Culture

Russia Sends Another Rocket to the Spacecraft Cemetery

Yes, it's a real thing. Yes, it's kind of weird. No, it's not crazy.

by Neel V. Patel
NASA/ESA/Bill Moede and Jesse Carpenter

The Earth isn’t just a resting place for life. It’s also a final destination for many objects from space — including objects we humans have already launched up there. So, in order to make sure we don’t turn space into a game of zero-gravity Frogger, we’ve designated a section of the Pacific Ocean for the sole purpose of acting as a dumping ground for defunct satellites and spacecraft. It’s called the Spacecraft Cemetery.
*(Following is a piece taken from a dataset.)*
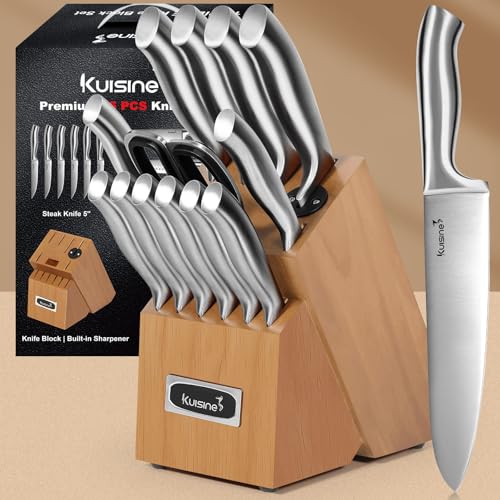 Kuisine Premium Sharp Knife Set,High Carbon Stainless Steel Sharper Blade Ergonomic Non-slip Handle,Kitchen Block Knife Set Chef Knife Block Set with Built-in Sharpener(Acacia, 15PCS) - color: ET Acacia Wood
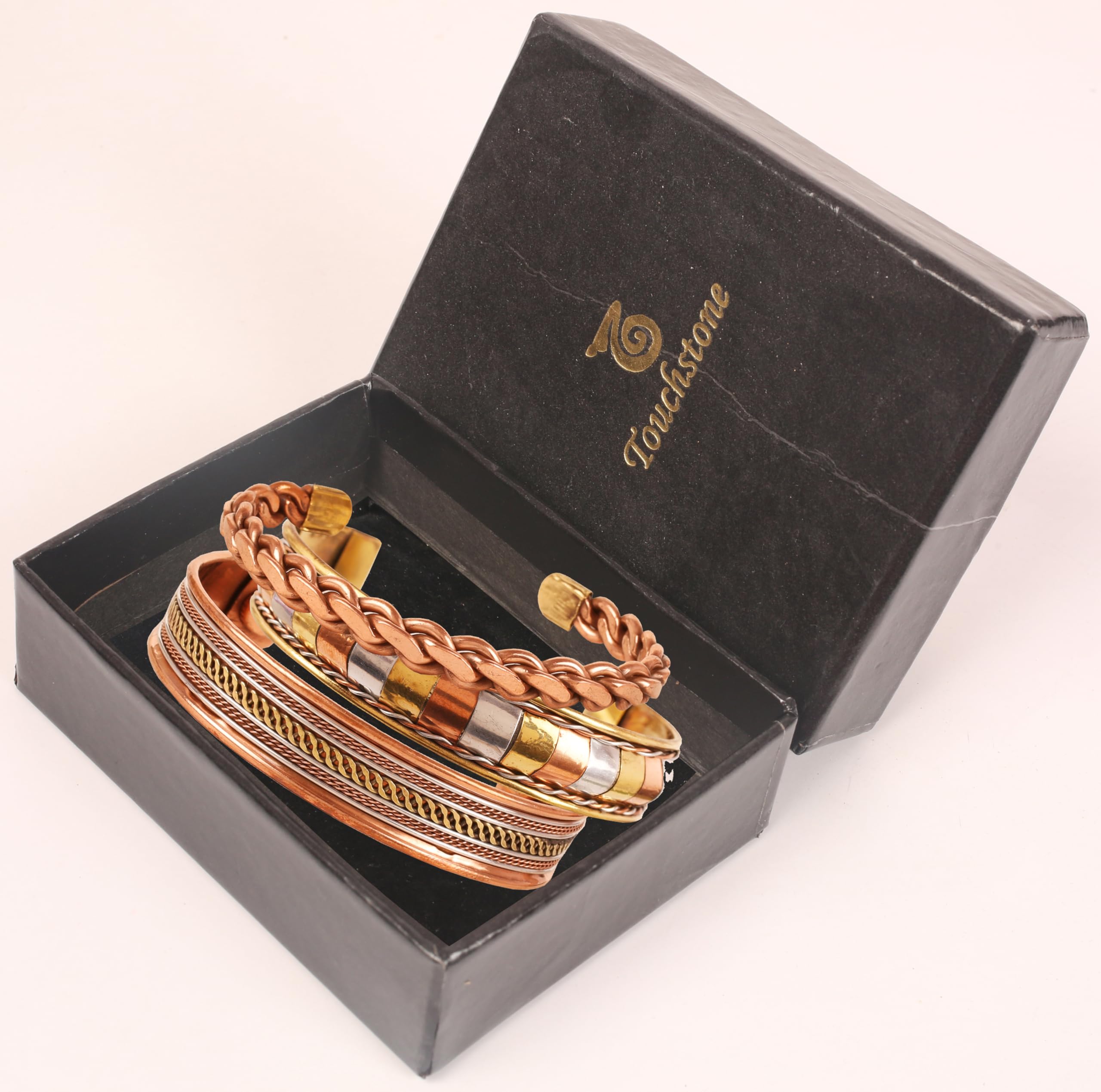Authentic Tibetan Style Touchstone Copper Bracelet - Hand Forged Solid High Gauge Copper Cuff Jewelry for Men & Women - Multiple Design Options - Perfect for Yoga, Meditation & Spiritual Healing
On March 29, Russia’s Progress M-29M cargo spacecraft will uncork from the International Space Station and fly around by itself for a week as a scientific laboratory until sometime between April 3 and April 7. At that point, the craft will be de-orbited and crashed into a stretch of ocean 2,400 miles southeast of Wellington, New Zealand. The water it breaks on the surface will be unremarkable, but the rocket will sink to a part of the seafloor known as the Spacecraft Cemetery.

During its weeklong flight around the planet, Progress will be involved with the Izgib experiment, according to the Russian news agency TASS. Izgib is an effort to study gravitational environments in orbit by measuring micro-accelerations using sensitive accelerometers and gyroscopes aboard Progress.

The location of the Spacecraft Cemetary

NASA

Sure, that’s pretty neat. But back to the Spaceship Graveyard.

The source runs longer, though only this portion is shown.